--- DATA ---

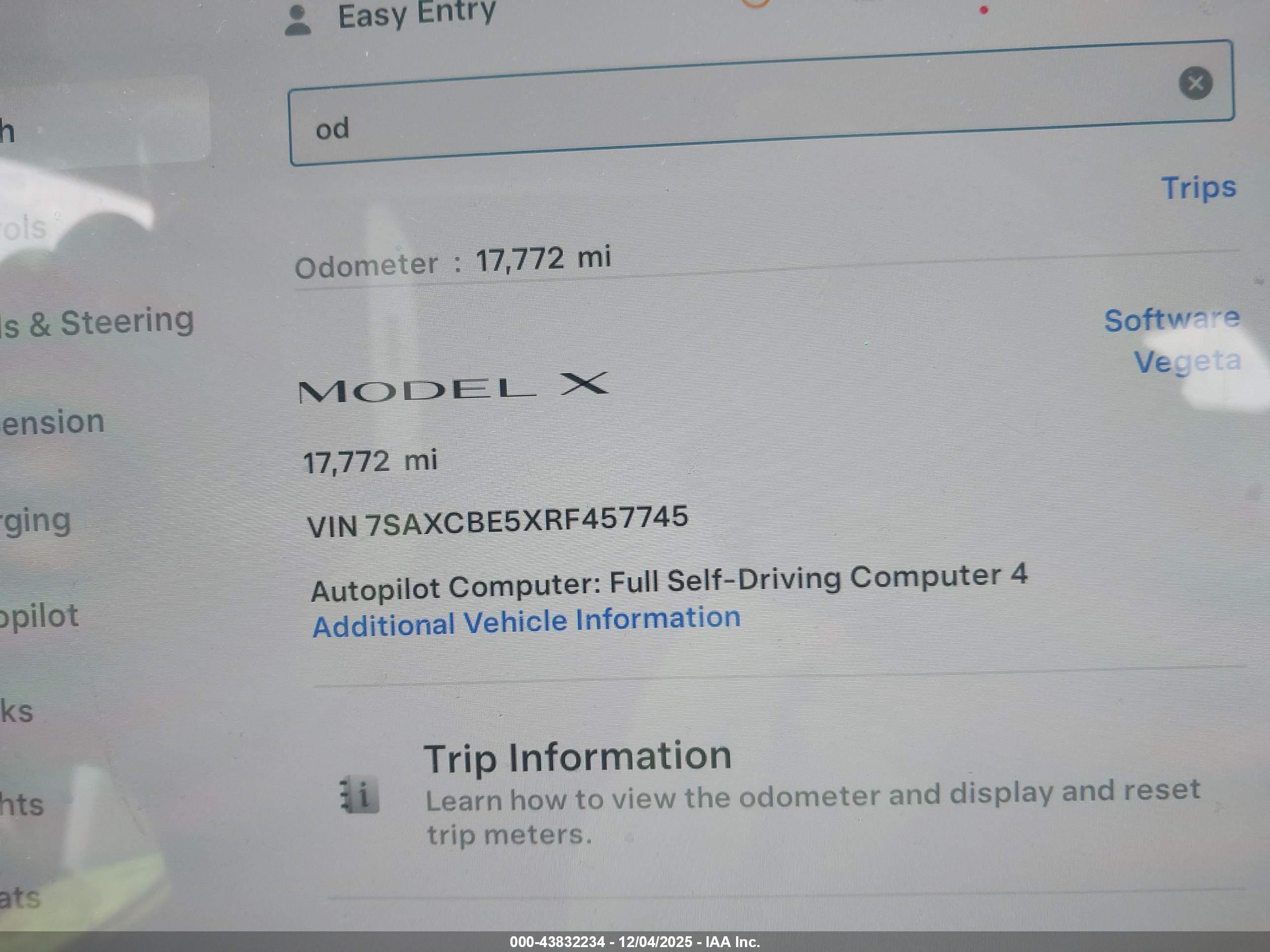 TESLA MODEL image 7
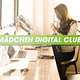 Mädchen mit digitalen Geräten an einem Schreibtisch
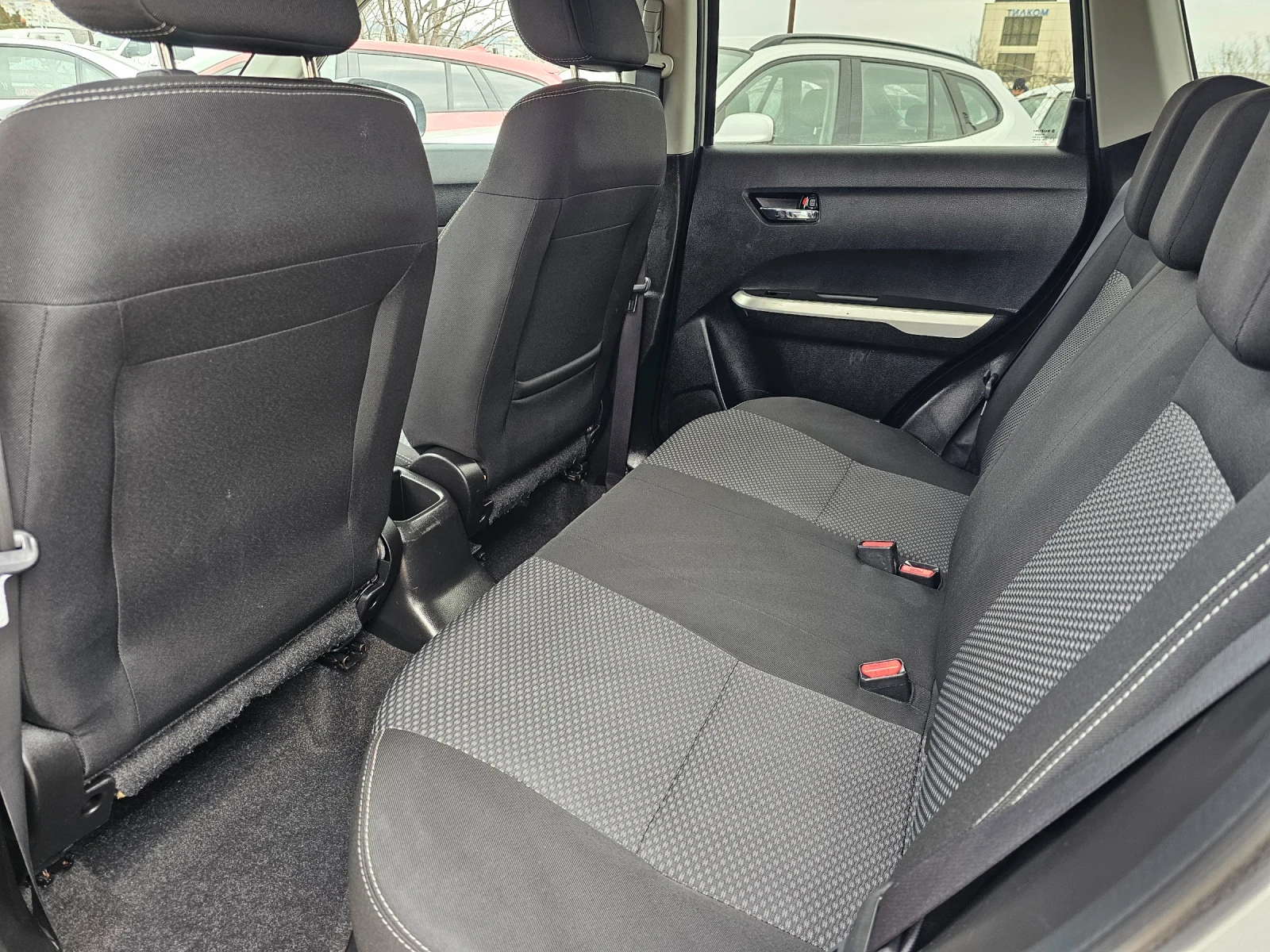 Suzuki Vitara 1.6DDIS, 120�.�., 4�4  | Mobile.bg � ����������� 10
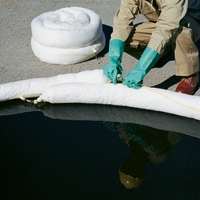 Bâche absorbante pour pétrole 10M 20M en polypropylène blanc avec corde de traction pour barrière anti-déversement marine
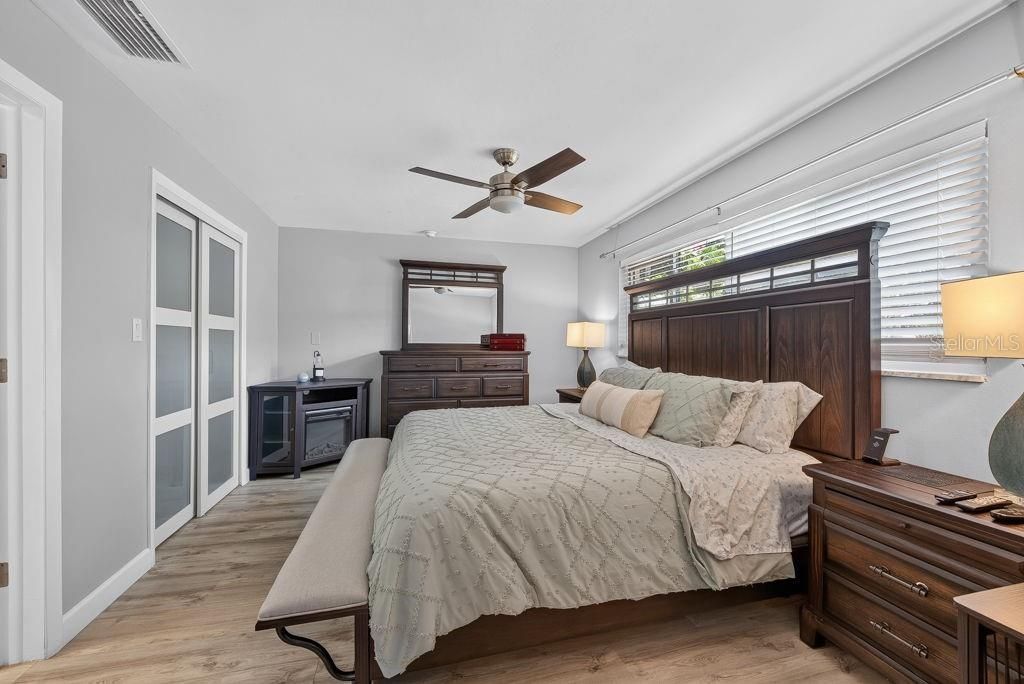2159 Greenbriar Boulevard, Clearwater, FL 33763 Photo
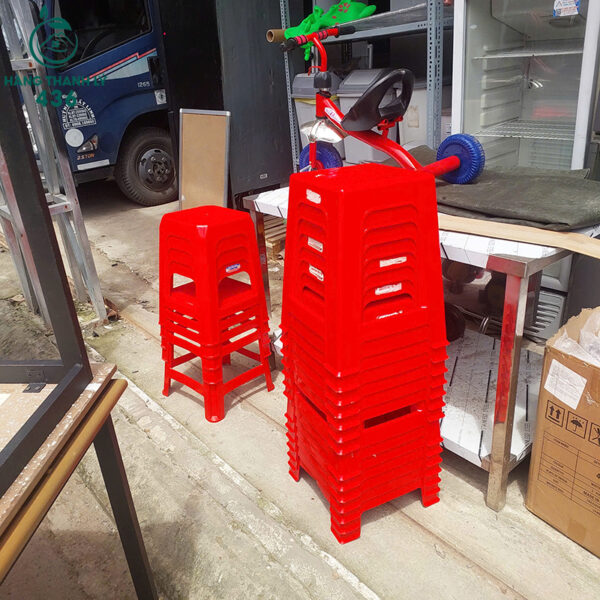 ghe nhua cu mau do tien loi nho gon 3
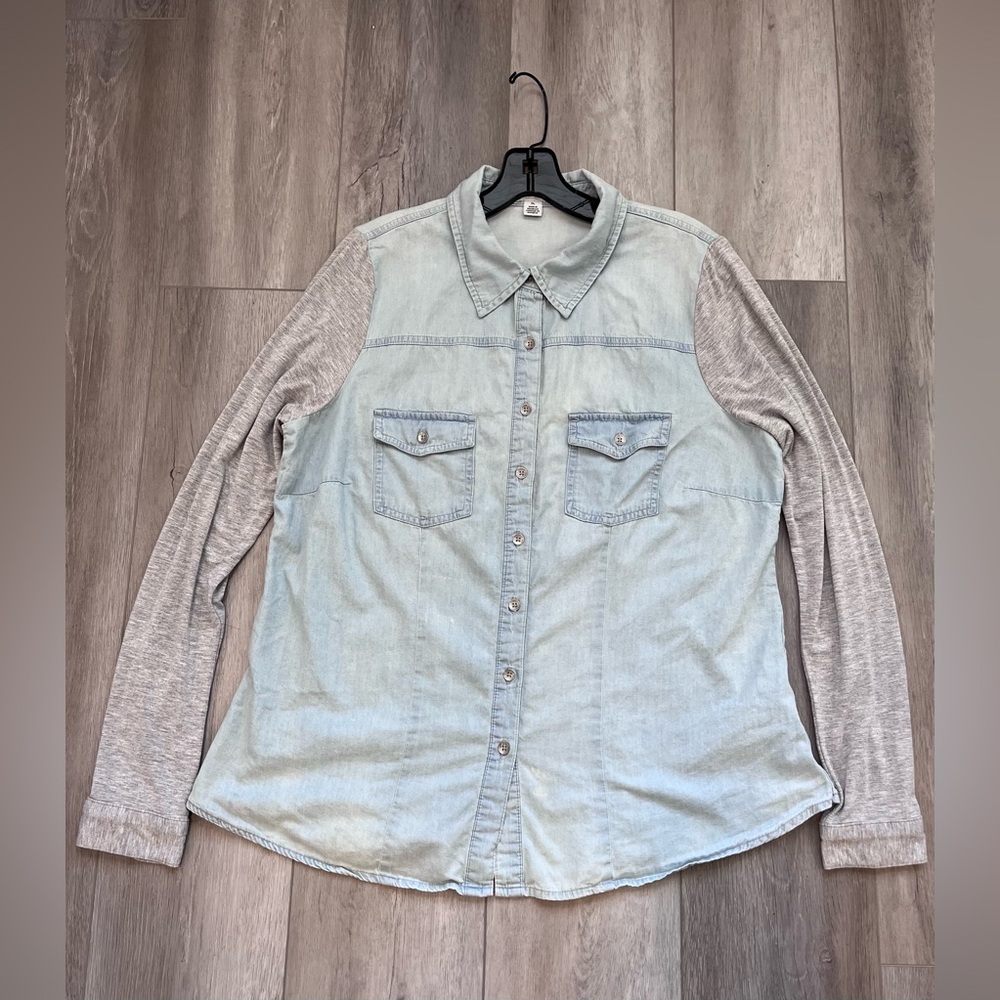 Forever 21 denim Long Gray sleeve shirt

---

• WHAT YOU NEED TO DO
Copy the data above word for word. Pictures stay out.

• OUTPUT OF THE TASK
 TESLA MODEL image 7
 Mädchen mit digitalen Geräten an einem Schreibtisch
 Suzuki Vitara 1.6DDIS, 120�.�., 4�4  | Mobile.bg � ����������� 10
 Bâche absorbante pour pétrole 10M 20M en polypropylène blanc avec corde de traction pour barrière anti-déversement marine
2159 Greenbriar Boulevard, Clearwater, FL 33763 Photo
 ghe nhua cu mau do tien loi nho gon 3
 Forever 21 denim Long Gray sleeve shirt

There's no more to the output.